**Information provided:**
-- Opening Marker --

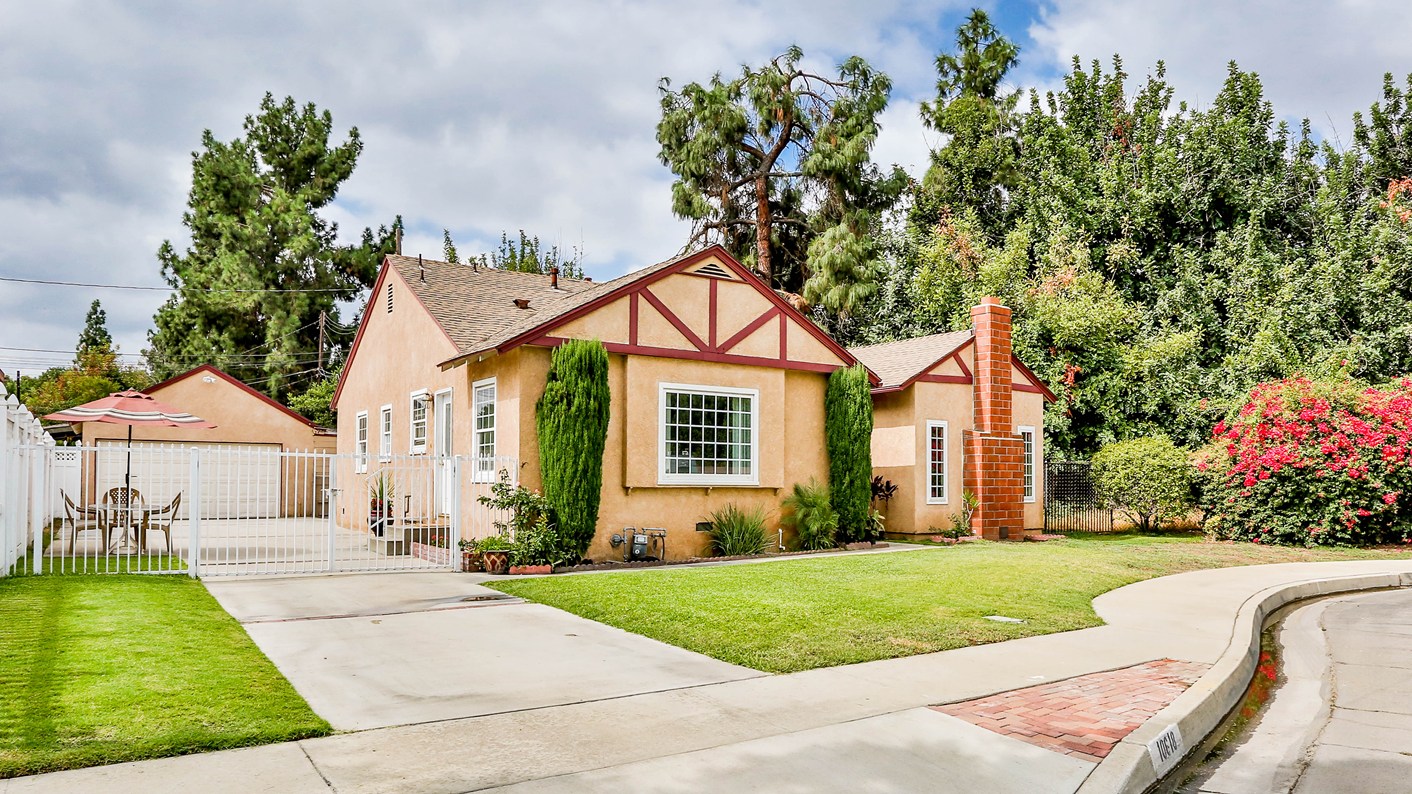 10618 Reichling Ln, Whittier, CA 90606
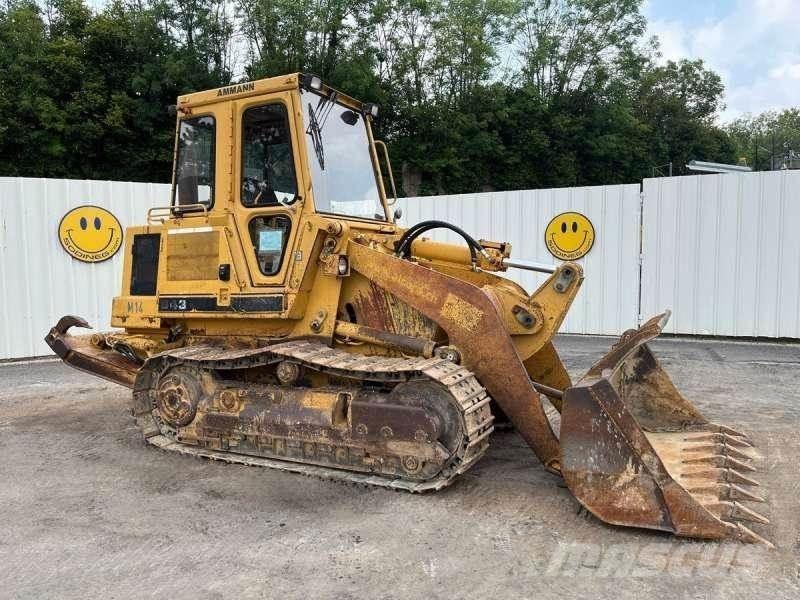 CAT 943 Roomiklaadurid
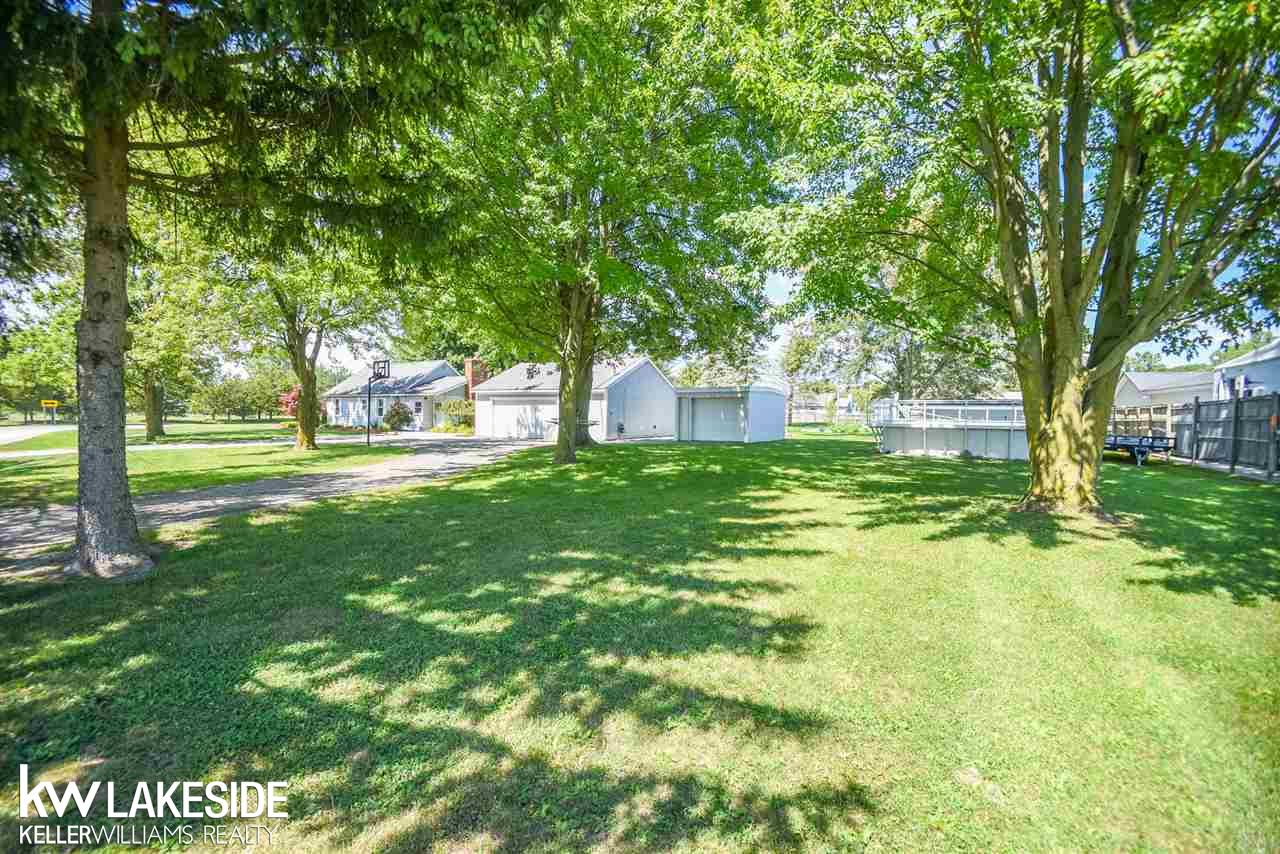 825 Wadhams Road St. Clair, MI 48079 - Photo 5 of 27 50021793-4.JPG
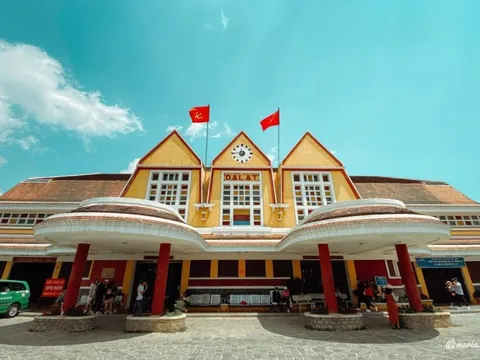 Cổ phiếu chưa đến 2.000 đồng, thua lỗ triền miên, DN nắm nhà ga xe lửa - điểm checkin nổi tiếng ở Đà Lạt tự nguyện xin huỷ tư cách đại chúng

-- Closing Marker --

**Exercise requirements:**
A verbatim copy of the listing, with all pictures removed, is required.

**Solution to this problem:**
 10618 Reichling Ln, Whittier, CA 90606
 CAT 943 Roomiklaadurid
 825 Wadhams Road St. Clair, MI 48079 - Photo 5 of 27 50021793-4.JPG
 Cổ phiếu chưa đến 2.000 đồng, thua lỗ triền miên, DN nắm nhà ga xe lửa - điểm checkin nổi tiếng ở Đà Lạt tự nguyện xin huỷ tư cách đại chúng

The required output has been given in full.